To compute the work done against gravity (height-related work), use:
\[ W_h = \dot{m} \times g \times h \]
Where \( g \) is the acceleration due to gravity (\( 9.81 \text{ m/s}^2 \)), \( h = 10 \text{ m} \), and \( \dot{m} = 62.84 \text{ kg/s} \):
\[ W_h = 62.84 \text{ kg/s} \times 9.81 \text{ m/s}^2 \times 10 \text{ m} = 6,163 \text{ W} \]
Next, calculate the kinetic energy work done by the pump as:
\[ W_k = \frac{1}{2} \times \dot{m} \times v^2 \]
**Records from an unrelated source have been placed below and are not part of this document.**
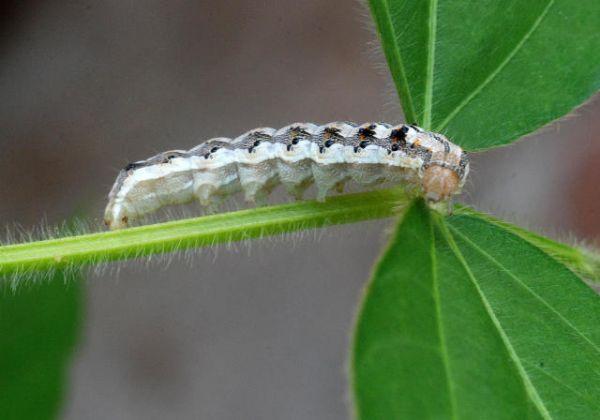 Embrapa monitora presen&ccedil;a de h&iacute;bridos de lagarta helicoverpa no Brasil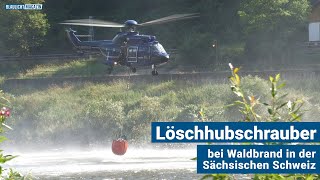 Löschhubschrauber beim Waldbrand in der Sächsischen Schweiz [upl. by Nelaf517]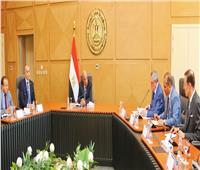 وزير الكهرباء: توسيع نطاق التعاون مع روسيا في مجالات الطاقة النووية 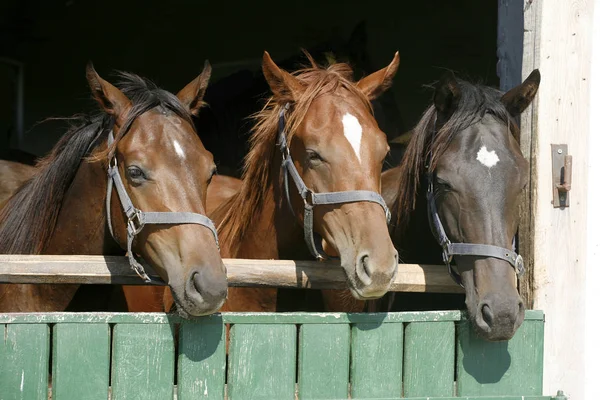 Cavalos jovens de raça pura olhando sobre a porta do celeiro de madeira em stabl — Fotografia de Stock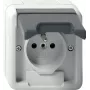 GIRA 448530 toma de corriente schuko con tapa abatible, blanco puro brillante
Given \( v = 8 \text{ m/s} \):
\[ W_k = \frac{1}{2} \times 62.84 \text{ kg/s} \times (8 \text{ m/s})^2 = 2,011 \text{ W} \]
Summing these, the total work done by the pump per second is:
\[ W_{\text{total}} = W_h + W_k = 6,163 \text{ W} + 2,011 \text{ W} = 8,174 \text{ W} \]

Kinetic energy is the energy an object possesses due to its motion. For a fluid in motion, it is determined per unit time using the mass flow rate. The formula to calculate the kinetic energy work is:
\[ W_k = \frac{1}{2} \times \dot{m} \times v^2 \]
Given the mass flow rate \( \dot{m} = 62.84 \text{ kg/s} \) and velocity \( v = 8 \text{ m/s} \):
\[ W_k = \frac{1}{2} \times 62.84 \text{ kg/s} \times (8 \times \text{ m/s})^2 = 2,011 \text{ W} \]
This tells us that the pump exerts 2,011 watts of energy to keep the water flowing at the required velocity.

The fluid exerts force on the vertical wall when it impacts directly. This force is determined using the mass flow rate and velocity:
\[ F = \dot{m} \times v \]
Given \( \dot{m} = 62.84 \text{ kg/s} \) and \( v = 8 \text{ m/s} \):
\[ F = 62.84 \text{ kg/s} \times 8 \text{ m/s} = 503 \text{ N} \]
This means that the water exerts 503 newtons of force on the wall, demonstrating the significant impact of the fluid's momentum when it comes into contact with a solid barrier.